*Task objective*
The answer is the full set of records, given again exactly and without images.
##### Data section
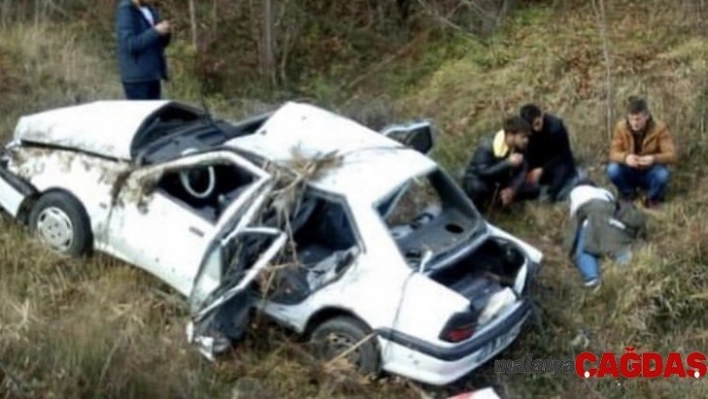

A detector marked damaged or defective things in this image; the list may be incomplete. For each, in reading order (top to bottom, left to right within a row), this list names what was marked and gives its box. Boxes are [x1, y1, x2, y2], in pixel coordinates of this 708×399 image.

damaged door [108, 150, 274, 296]
wrecked white car [0, 100, 544, 388]
broken windshield [376, 169, 486, 272]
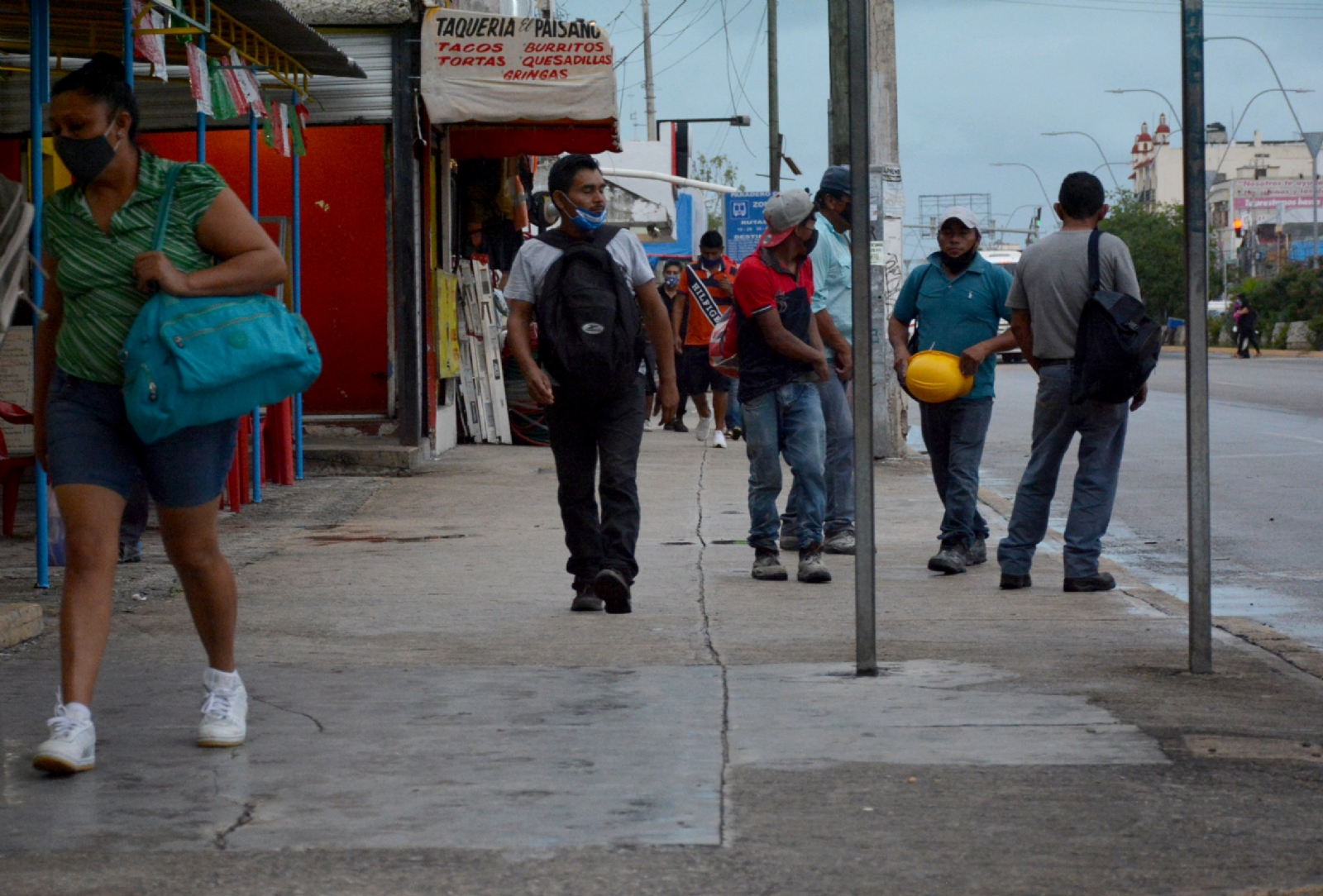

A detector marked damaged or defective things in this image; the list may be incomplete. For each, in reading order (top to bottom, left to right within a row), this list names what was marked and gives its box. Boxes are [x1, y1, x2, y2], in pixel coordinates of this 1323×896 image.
##########
*Answer box*
A detector marked damaged or defective things in this image; the list may be incomplete. For each, in reading order (top to bottom, left to right within a row), this list names what was marked and gives its box. Boxes are [x1, y1, x2, y2], in pixel coordinates of this 708×399 image.

damaged door [108, 150, 274, 296]
wrecked white car [0, 100, 544, 388]
broken windshield [376, 169, 486, 272]

A detector marked damaged or defective things in this image; the list may be incomplete. For each, in reading order (top to bottom, left to right within a row), this list names what was marked and gives its box. Boxes are [x1, y1, x2, y2], in pixel coordinates of this 1323×896 image.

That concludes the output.